▶ _Collection entries_
******************************

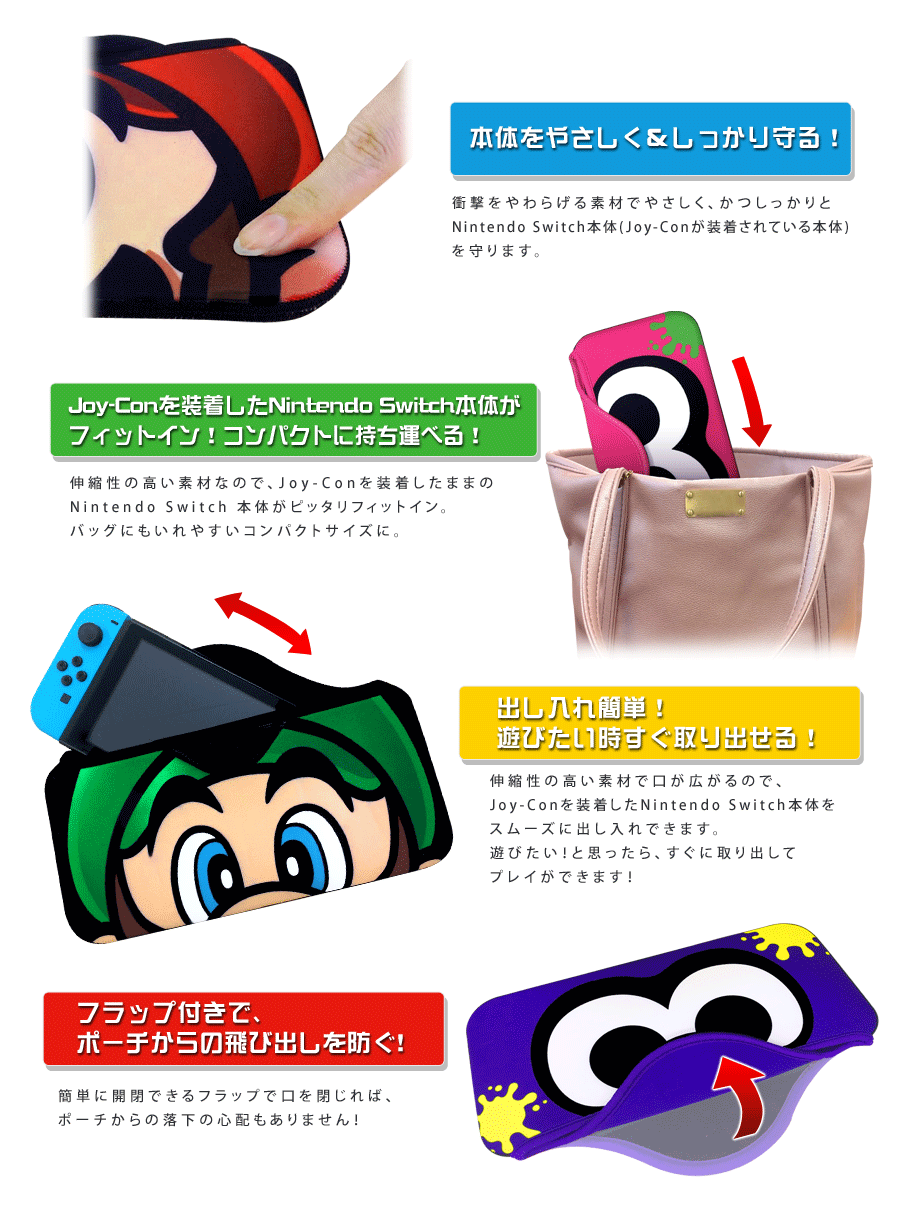 クイックポーチコレクション for Nintendo Switch（スーパーマリオ/スプラトゥーン2） | KeysFactory
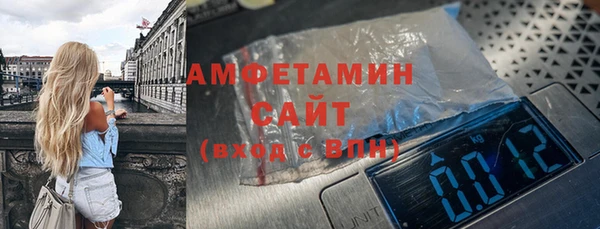 кокс Киреевск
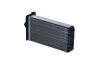 Радіатор пічки Peugeot 307/307 SW 1.4-2.0 00- (opt-om) NRF 53557 (фото 3)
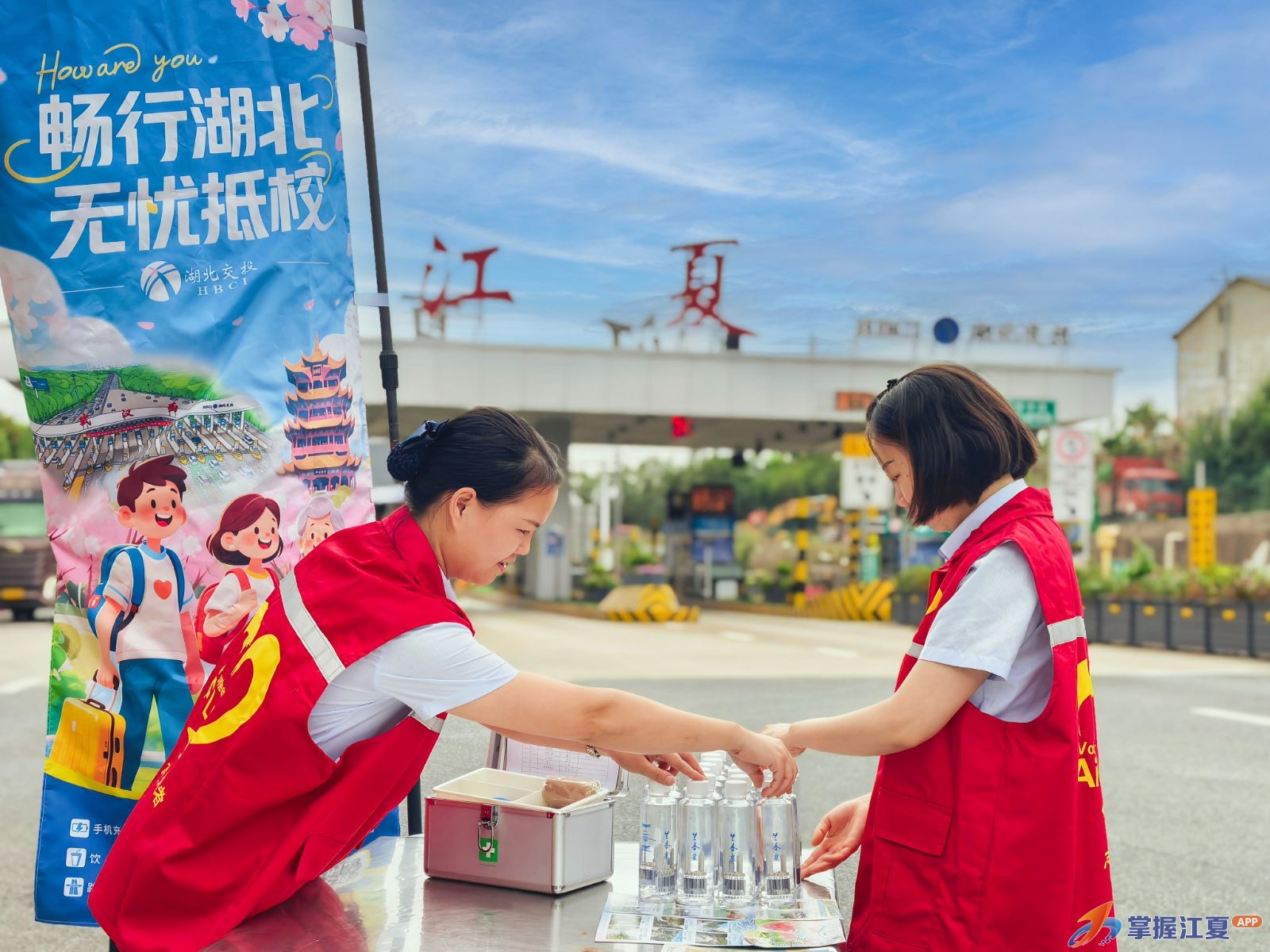 高速“护学岗”上线！京珠江夏管理所暖心护航学子抵汉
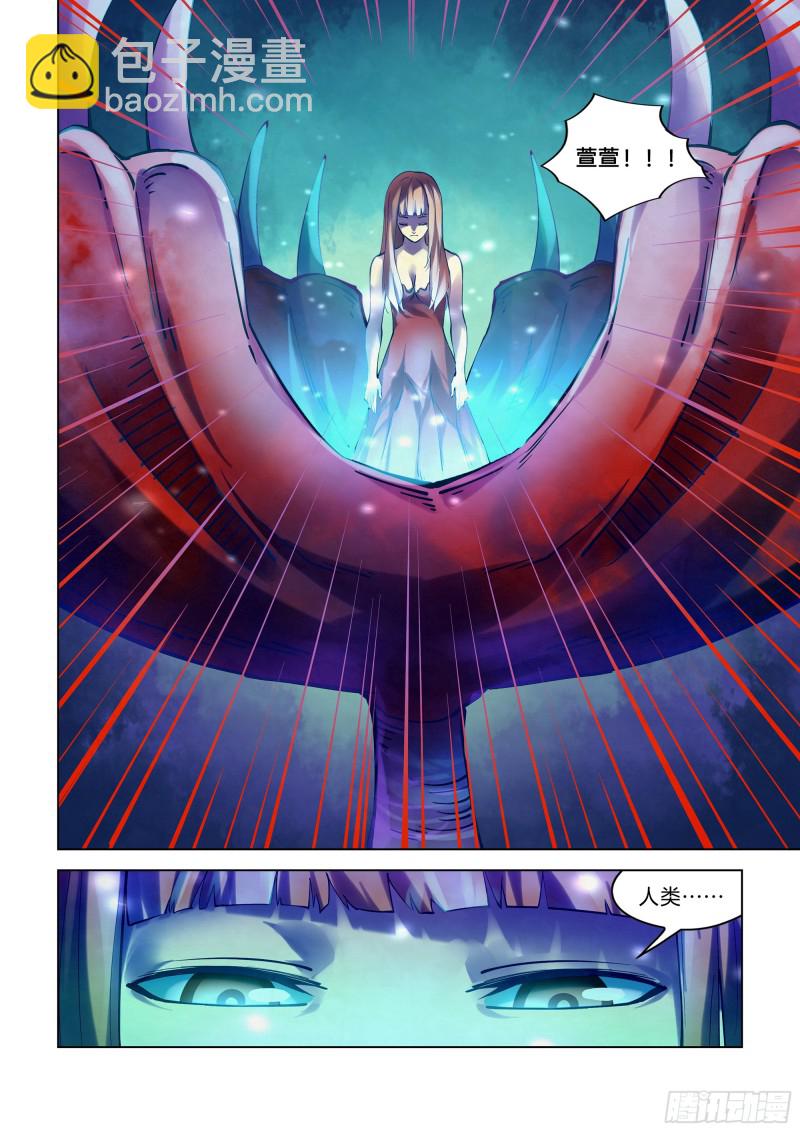 末世凡人 - 第242話 - 2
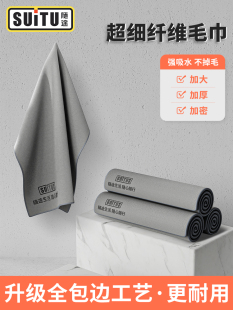 洗车毛巾高级擦车布吸水不掉毛z麂皮布加厚不留水印汽车内饰专用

******************************

▶ _What you need to do_
The records above are to be duplicated exactly, pictures left out.

▶ _Answer space_
 クイックポーチコレクション for Nintendo Switch（スーパーマリオ/スプラトゥーン2） | KeysFactory
 кокс Киреевск
 Радіатор пічки Peugeot 307/307 SW 1.4-2.0 00- (opt-om) NRF 53557 (фото 3)
 高速“护学岗”上线！京珠江夏管理所暖心护航学子抵汉
 末世凡人 - 第242話 - 2
 洗车毛巾高级擦车布吸水不掉毛z麂皮布加厚不留水印汽车内饰专用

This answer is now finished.